If you’ve been having problems with Apple Music and iCloud Music Library incorrectly matching songs in your library, you’re far from the only one. It turns out the reason is that Apple Music doesn’t use the same method for matching songs you own as iTunes Match does. This results in significantly more errors and frustrated users.
Though iTunes Match used acoustic fingerprinting to identify songs you own and match them for all of your devices, Apple Music uses the metadata of those songs. That means if you change something as simple as the title and artist, it could match to an entirely different song despite the unchanged audio.
It’s not clear why Apple chose to ditch the more effective method for song matching in favor of the surface-level metadata.
The change was discovered by Kirk McElhearn, who wrote about the Apple Music metadata problem on his blog. A dissatisfied Apple Music subscriber himself, he experimented with renaming a Bach song in his library to “Can’t Feel My Face” by The Weeknd. Then he deleted the song locally and redownloaded it from iCloud.
Sure enough, the audio for the Bach song was gone and in its place was the hot new R&B jam. Apple Music even ignored the fact that the lengths of the audio files were completely different.
If you subscribe to Apple Music and are still a paying customer for iTunes Match, Apple Music’s less-accurate matching overrides the acoustic fingerprinting that iTunes Match utilizes. So you’re stuck with a mess.
Some Apple Music subscribers were already annoyed with iCloud Music Library after discovering it slaps DRM on music you own. It’s not that simple, but it does prevent some people from redownloading music they ripped from CDs.
Apple did not immediately respond to a request for comment.
One response to “Apple Music metadata is messing up your music”
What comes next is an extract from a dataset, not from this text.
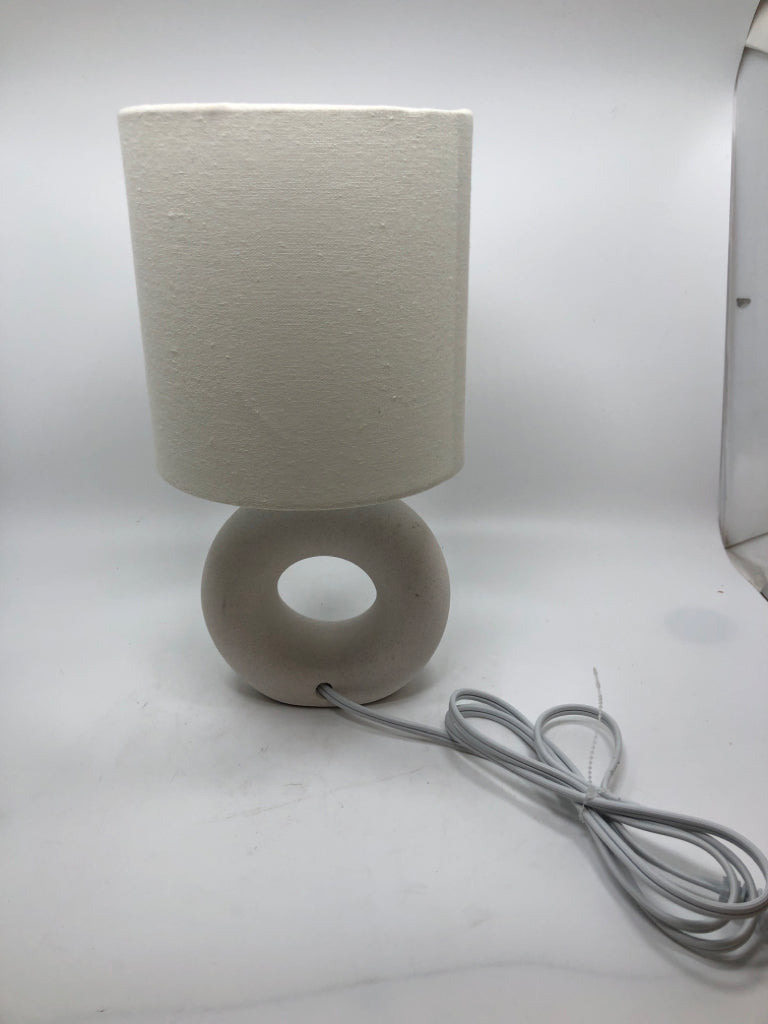 ABSTRACT SPECKLED CREAM LAMP.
Hmm this is a lingering problem. However, i haven’t experienced this as of yet. I turned on iCloud Music Library on my iPhone/iPad/Win7 work PC. On my iMac that has my entire library and using iTunes match i have iCloud Music Library turned off. While I can’t see any of the Apple Music files i added to “my music” on my iCloud ML enabled devices, it means that Apple Music isn’t screwing around with my files. If i want to listen to any of the files that were added to “my music” from a device, i just connect to my surround sound through BT from my iPhone. Kind of a work around. I’m one of the few that are really please with Apple Music so far and plan on keeping it after the 3 mo trial ends.